Our solution: pre-process the SQL AST before passing it to DataFusion. We parse the SQL, walk the FROM clauses looking for version: Some(ForSystemTimeAsOf(..)), resolve the timestamp to a snapshot ID via table.metadata().snapshots(), register a snapshot-specific SqeTableProvider with the snapshot_id field set, strip the temporal clause from the AST, and pass the clean SQL to DataFusion. DataFusion picks up the already-registered provider and scans the correct snapshot.
-- This now works:SELECT * FROM orders FOR SYSTEM_TIME AS OF TIMESTAMP '2026-01-01 00:00:00'Phase 5: Metadata table-valued functions
Trino exposes Iceberg metadata via special table syntax: SELECT * FROM "orders$snapshots". Since SQE uses a different catalog model, we implemented these as table-valued functions:
table_snapshots('namespace', 'table')— snapshot history with IDs, timestamps, operationstable_manifests('namespace', 'table')— manifest files with data file counts and sizestable_history('namespace', 'table')— snapshot ancestry chaintable_files('namespace', 'table')— individual data files with column statstable_partitions('namespace', 'table')— per-partition aggregatestable_refs('namespace', 'table')— branch and tag references
All data comes from the Polaris REST catalog via table.metadata(), inheriting the user’s bearer token for access control.
The final numbers
| Category | Start | End |
|---|---|---|
| String | 78% | 100% |
| Math | 79% | 100% |
| Date/Time | 63% | 100% |
| JSON | 17% | 92% |
| URL | 0% | 100% |
| Regex | 50% | 100% |
| Conditional | 88% | 100% |
| Conversion | 30% | 90% |
| Aggregate | 70% | 82% |
| Window | 86% | 93% |
| DDL/DML | 58% | 87% |
| Type System | 74% | 74% |
| Iceberg | 33% | 89% |
| Overall | ~63% | ~95% |
What is left (the ~5%)
Some gaps are genuine limitations, not laziness.
Map-producing aggregates (histogram, map_agg, multimap_agg) need custom UDAFs with Arrow’s MapBuilder. Doable but not urgent for typical analytics workloads.
HyperLogLog/TDigest/SetDigest are Trino-specific sketch types. DataFusion has approx_distinct and approx_percentile_cont which cover the common use cases without exposing the underlying sketch types.
CREATE MATERIALIZED VIEW is not in the Iceberg spec. Use CREATE TABLE AS SELECT with scheduled refreshes instead.
Lambda in window functions is a DataFusion engine limitation. Use subqueries instead.

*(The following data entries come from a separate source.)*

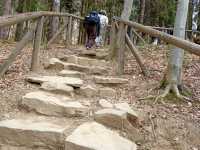 IMG-20260429-WA0006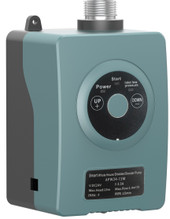 Установка повышения давления Grandfar APW24-15M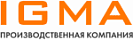 IGMA IGMA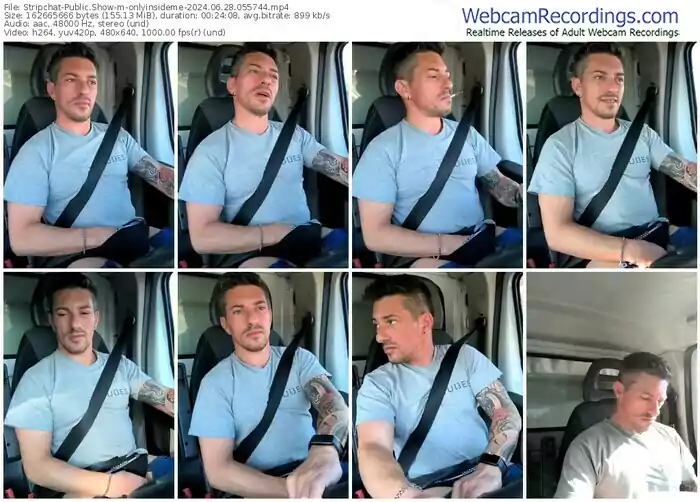 stripchat-onlyinsideme-06-28-2024-05-57-44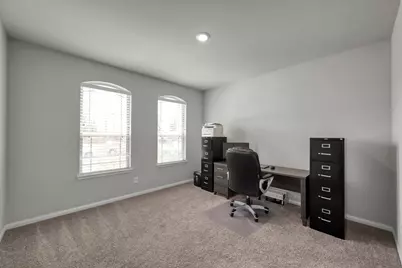 6185 White Oak Leaf Loop, Conroe, TX 77303 - Photo 5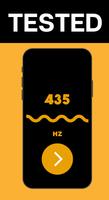 Sonic cleaner: water eject app اسکرین شاٹ 1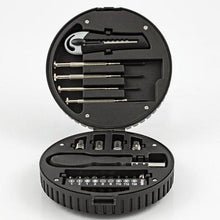 Load image into Gallery viewer, Tire Tool Kit | Tire tool kits online | Tire tool kit winnipeg | Online tyre tool kit Canada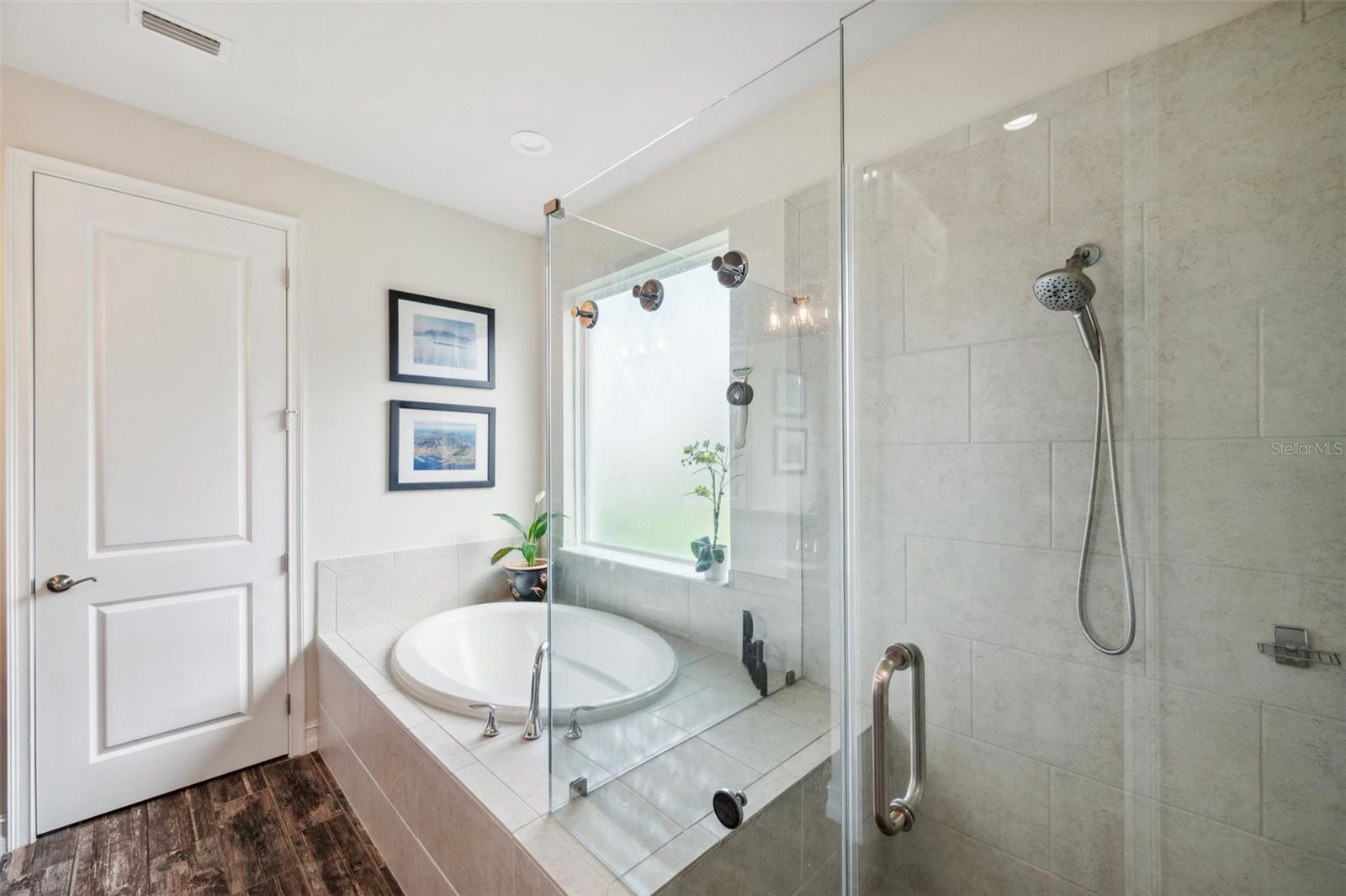 28683 LUCERO LN, WESLEY CHAPEL, FL, 33543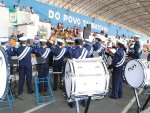 Fotos de 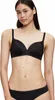 Triumph Body Make-Up Soft Touch WP CZARNY 70D Podgląd zdjęcia produktu 11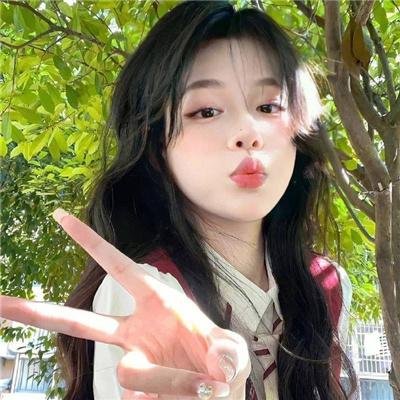 酷马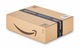Zdjęcie oferty: Amazon Box Zwroty Konsumenckie Mix A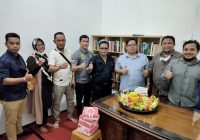 Kantor Hukum Kara Lamont di Banjarbaru Siap Bantu Masyarakat Kurang Mampu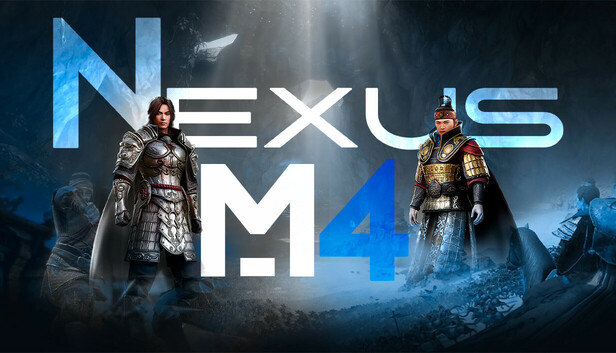 Nexus M4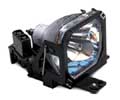 Epson 2000HRS 230W LAMP MODULE POWERLITE 8100 8150 8200 9100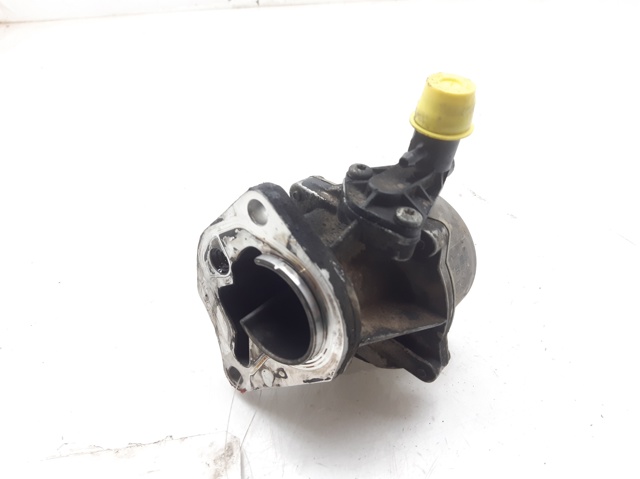 8200072985 Renault (RVI)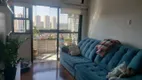Foto 4 de Apartamento com 3 Quartos à venda, 102m² em Vila Guarani, São Paulo
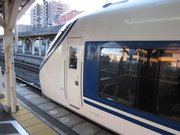 画像(180x135)・拡大画像(1024x768)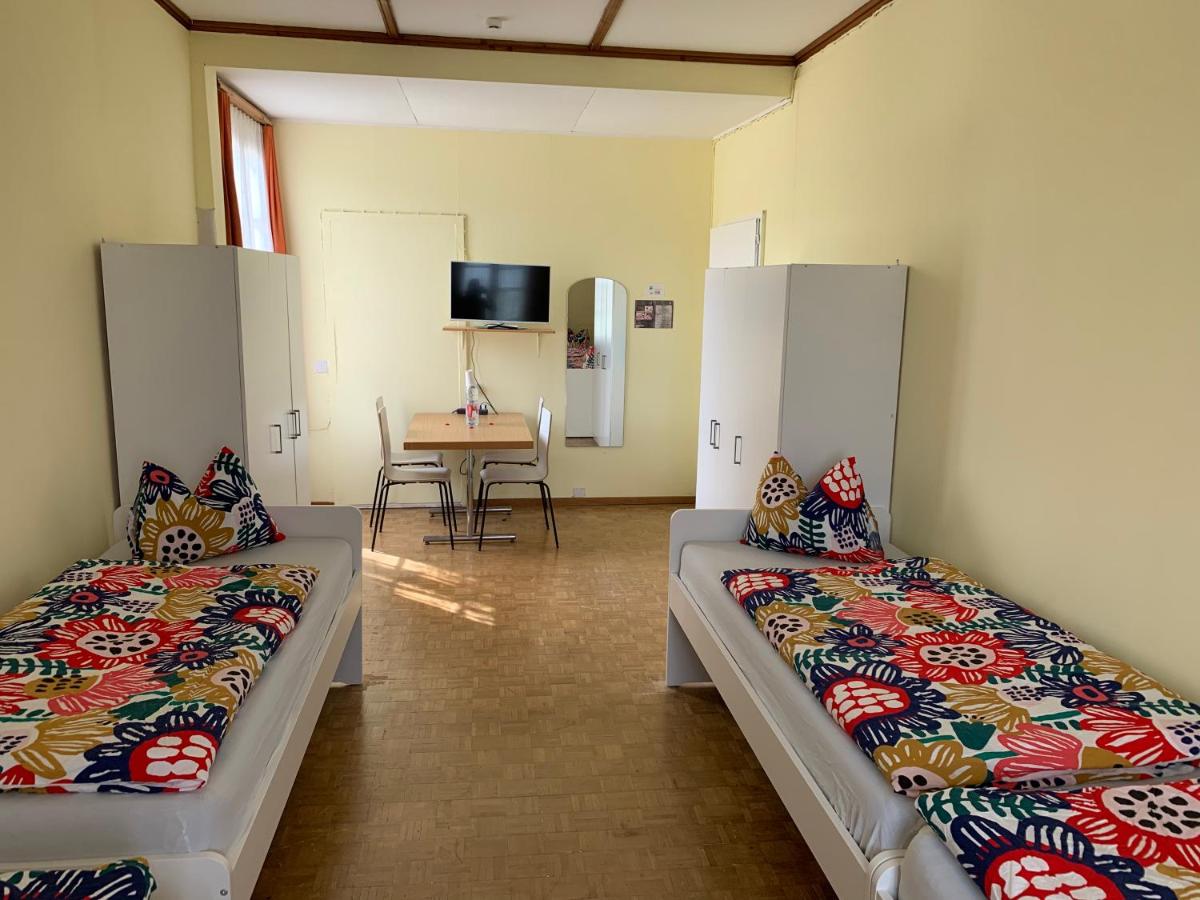 Photo 27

ORC file format is a strategic choice. SQE is Parquet-only. This aligns with the modern lakehouse direction.
Merge-on-Read writes are blocked on the RowDeltaAction transaction API. The RisingWave iceberg-rust fork has individual writers for position deletes, equality deletes, and V3 deletion vectors, but no atomic commit API. SQE uses Copy-on-Write for writes, which is correct but less efficient for small changes on large tables. SQE can already read MoR tables written by Trino or Spark. Position deletes, equality deletes, and deletion vectors are all handled in the scan path.
Test coverage
The session produced 314 automated tests:
- 76 UDF integration tests (SQL against a SessionContext)
- 73 SQL classifier tests
- 188 catalog tests (including metadata TVFs)
- Plus all pre-existing tests
Every UDF is tested with a real SQL query, not mock objects. The tests execute in under 1 second total.
Technical debt paid
Along the way, we:
- Removed the redundant
strposUDF (DataFusion built-in) - Removed the shadowing
to_hexUDF (broke integer to_hex) - Fixed 3 clippy warnings in the comparison runner
- Updated
dbt-sqe.mdwhich was heavily outdated (MERGE/DELETE/UPDATE were marked as “blocked” despite being implemented months ago) - Rebased and merged a stale security audit MR with 11 security fixes
How we worked
The entire session used subagent-driven development. A coordinator agent dispatched focused implementation agents for each task, with spec compliance reviews after each. This kept context clean and prevented the kind of drift that happens when one agent tries to hold an entire codebase in memory.
The key efficiency pattern: research before building. The 10 minutes spent checking DataFusion’s built-in function list saved hours of unnecessary UDF development. The 5 minutes checking sqlparser’s AST structure revealed that time travel parsing was already there, turning a “blocked” feature into a 300-line implementation.